#### DATA SUPPLIED
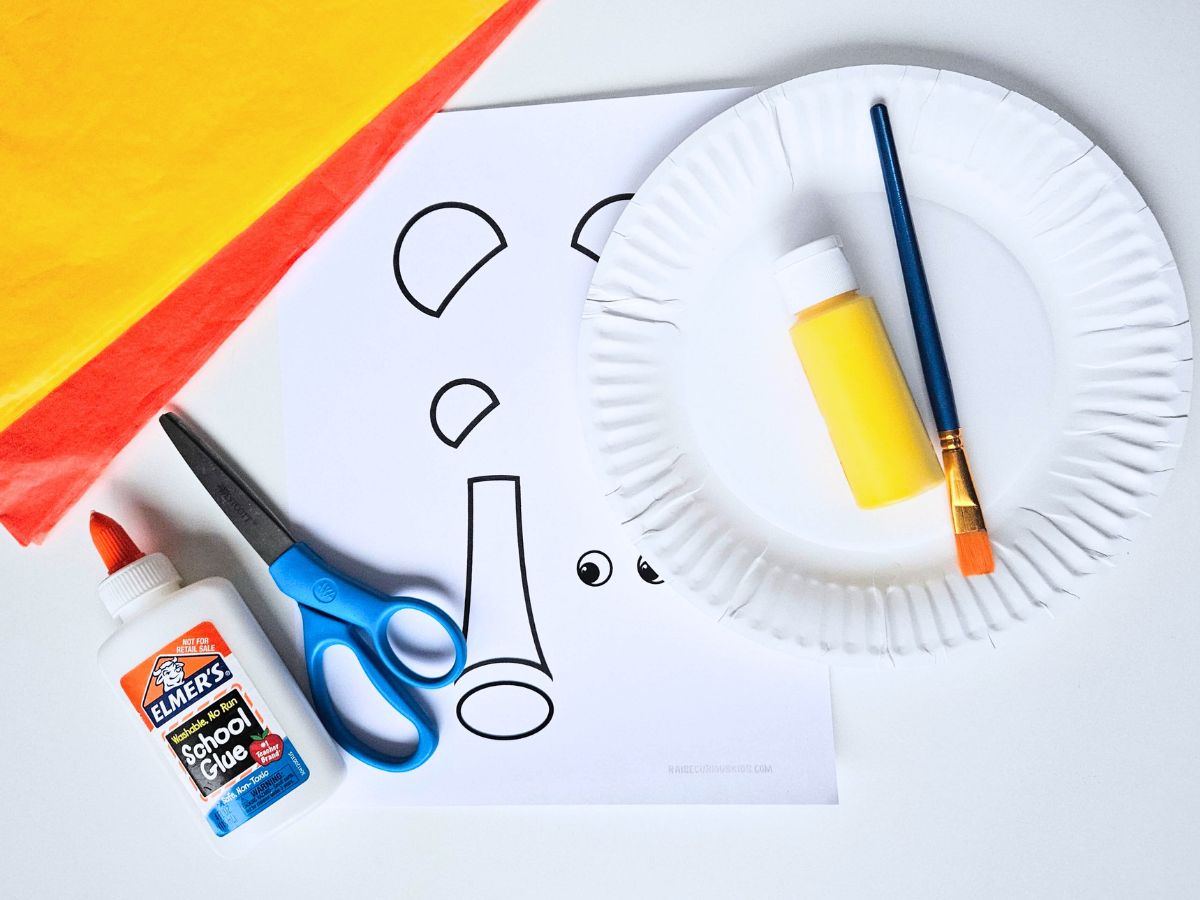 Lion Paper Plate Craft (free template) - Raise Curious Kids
########
#### DATA SUPPLIED
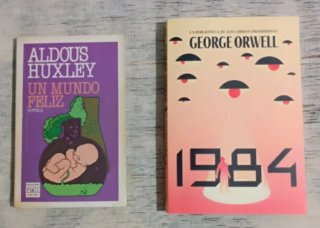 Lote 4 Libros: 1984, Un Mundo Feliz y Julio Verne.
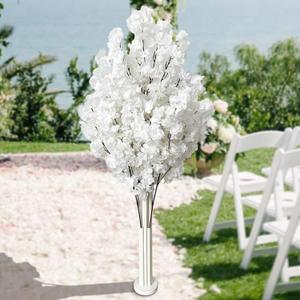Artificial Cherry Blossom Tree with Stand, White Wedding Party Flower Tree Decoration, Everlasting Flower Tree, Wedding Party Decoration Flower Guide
########
#### DATA SUPPLIED
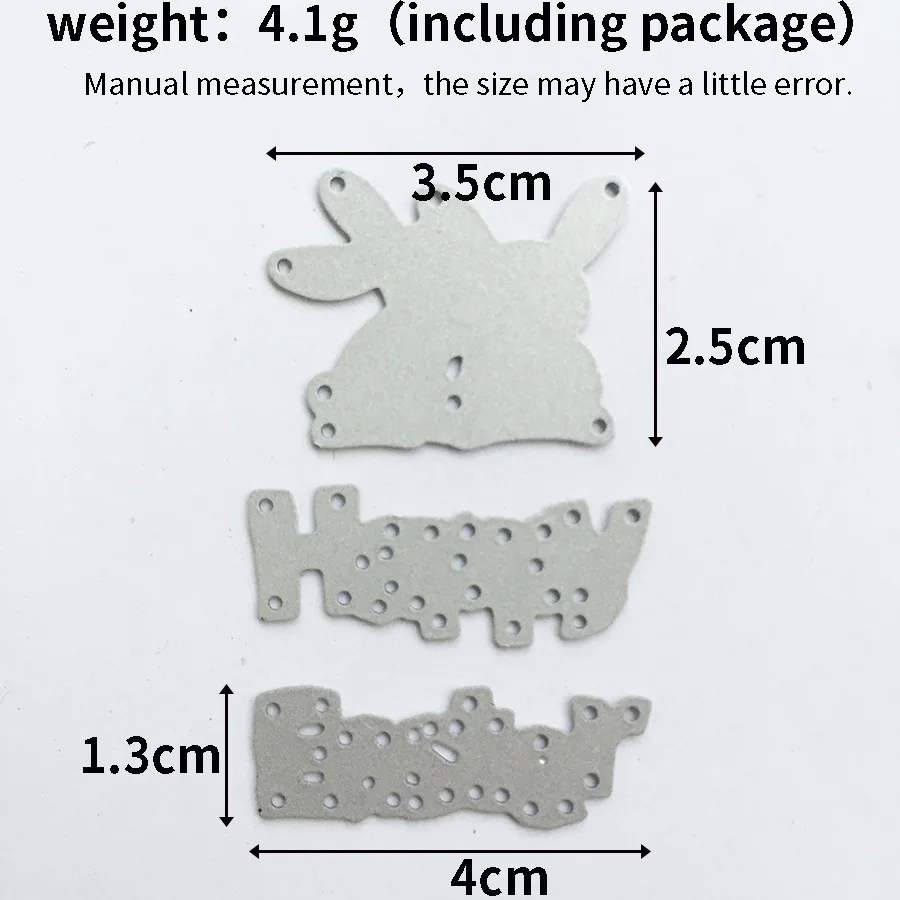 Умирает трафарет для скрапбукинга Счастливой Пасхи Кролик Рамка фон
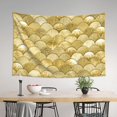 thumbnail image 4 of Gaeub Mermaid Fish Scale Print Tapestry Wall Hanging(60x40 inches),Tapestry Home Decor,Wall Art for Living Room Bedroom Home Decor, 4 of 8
########
From the listing above, restate verbatim the lines running from the one with "Умирает трафарет для" through the one with "thumbnail image 4", inclusive, but not the pictures.

 Умирает трафарет для скрапбукинга Счастливой Пасхи Кролик Рамка фон
 thumbnail image 4 of Gaeub Mermaid Fish Scale Print Tapestry Wall Hanging(60x40 inches),Tapestry Home Decor,Wall Art for Living Room Bedroom Home Decor, 4 of 8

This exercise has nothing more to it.